▶ [YOUR TASK]:
Would you please copy every line below that includes the string "Print"?

Top of DATA FOR REVIEW

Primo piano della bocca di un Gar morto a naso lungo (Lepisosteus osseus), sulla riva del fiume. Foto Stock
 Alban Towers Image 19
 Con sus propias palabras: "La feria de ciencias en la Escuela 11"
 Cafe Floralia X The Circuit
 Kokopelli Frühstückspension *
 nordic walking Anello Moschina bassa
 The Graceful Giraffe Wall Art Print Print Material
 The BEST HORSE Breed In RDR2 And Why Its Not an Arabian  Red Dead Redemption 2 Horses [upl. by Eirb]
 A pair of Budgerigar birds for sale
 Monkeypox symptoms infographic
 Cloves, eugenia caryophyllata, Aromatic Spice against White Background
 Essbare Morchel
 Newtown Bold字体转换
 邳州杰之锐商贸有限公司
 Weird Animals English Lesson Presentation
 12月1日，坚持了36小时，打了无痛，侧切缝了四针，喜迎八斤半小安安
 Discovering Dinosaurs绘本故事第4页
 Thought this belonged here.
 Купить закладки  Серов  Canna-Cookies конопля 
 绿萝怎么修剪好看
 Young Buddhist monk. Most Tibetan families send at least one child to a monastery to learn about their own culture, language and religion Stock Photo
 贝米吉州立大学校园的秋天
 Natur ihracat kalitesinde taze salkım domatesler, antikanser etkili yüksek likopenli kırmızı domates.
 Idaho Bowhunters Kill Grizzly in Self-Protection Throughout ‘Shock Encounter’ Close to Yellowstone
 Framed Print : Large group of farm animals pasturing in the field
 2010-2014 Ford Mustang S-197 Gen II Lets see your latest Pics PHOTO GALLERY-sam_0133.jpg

Bottom of DATA FOR REVIEW

▶ [TASK ANSWER]:
 The Graceful Giraffe Wall Art Print Print Material
 Framed Print : Large group of farm animals pasturing in the field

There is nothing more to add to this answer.